[HN Gopher] YouTube: "Older Unlisted videos will be made Private...
___________________________________________________________________
YouTube: "Older Unlisted videos will be made Private unless you opt
out"
Author : tech234a
Score : 108 points
Date : 2021-06-23 21:09 UTC (1 hours ago)
(HTM) web link (support.google.com)
(TXT) w3m dump (support.google.com)
| judge2020 wrote:
| So the reasoning makes it sound like there was potentially an
| exploit that made it easy to find unlisted videos? Were the video
| IDs deterministic perhaps?
| carl_dr wrote:
| Maybe their old scheme, when divided by the number of videos,
| was getting to the point where it was feasible you could brute
| force finding unlisted videos.
|
| The old scheme had 7.3 x 10^19 ids (11 chars, base 64, thanks
| Tom Scott!). Suspiciously close to the max value of a 64-bit
| int, hmmm ...
|
| Assume a billion videos and you're down to 10^10 - a one in a
| 10 billion chance isn't much chance, but it's far from secure.
|
| (I'm ignoring the fact that only a small %age of videos are
| unlisted I guess, but I think the point still stands.)
| quantumofalpha wrote:
| Yes, exactly. Video ID is just a base64'ed DES-encrypted
| primary int64 video key from MySQL. It used to be sequentially
| incremented until at some point they switched to randomly
| generated primary keys. Any (ex-) engineer who snapped a copy
| of the key (it used to sit right in the code for anyone to see)
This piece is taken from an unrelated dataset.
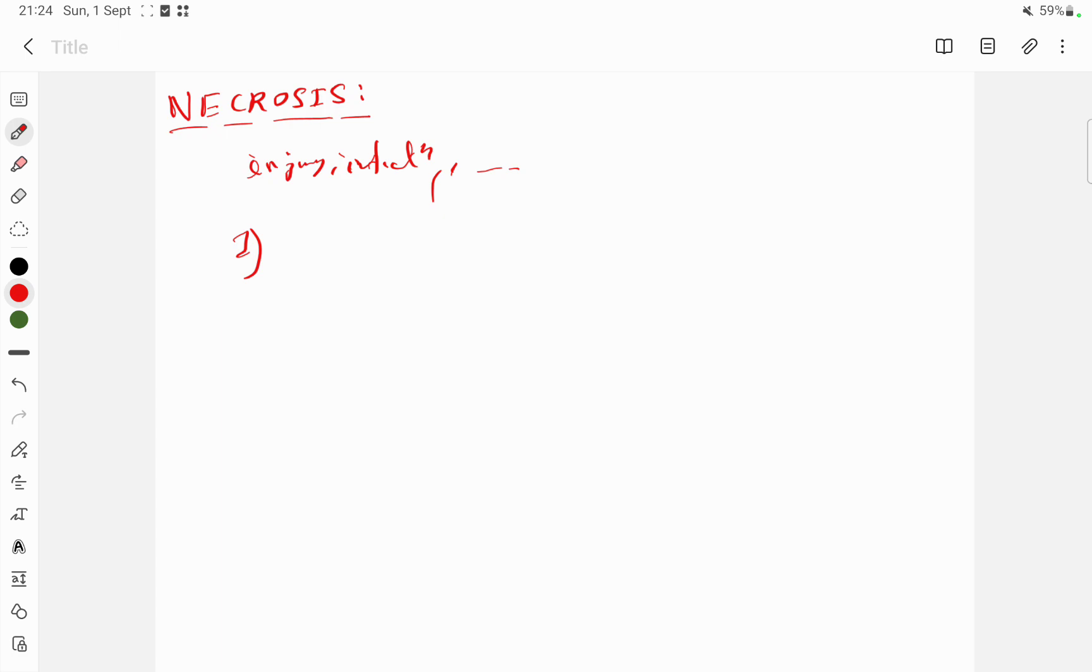This is a brief discussion regarding necrosis and how the necrosis process takes place. If you like my videos, please subscribe to the channel. Thanks for watching.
| can enumerate all videos from YT until that moment, including
| unlisted - which are only protected by secrecy of that one key.
| If the key leaks, then also anyone in the world can. That's
| what they are afraid of here. Source: worked for YT.
| ktm8 wrote:
| Just for curiosity, how would YT deal with ID collision ?
|
| Edit: Before the scheme change I mean
| root_axis wrote:
| Try again? Just a guess.
| remram wrote:
| Probably they just roll again. You can even implement that
| in a stored procedure.
| Animats wrote:
| I need to move some of my early technical videos to Vimeo now. I
| never connected my pre-Google YouTube account to Google, and so I
| can't do anything with them. It's been over a year since I logged
| into Google, anyway.
| contingencies wrote:
| Please share the URL! I always appreciate your hardware
| comments and would love to see what you've shared in video
| format.
| throwawaysea wrote:
| A related frustration for me is when I have random videos in my
| "watch later" list replaced with a gray square and a note saying
| the video is no longer unavailable or has been made private.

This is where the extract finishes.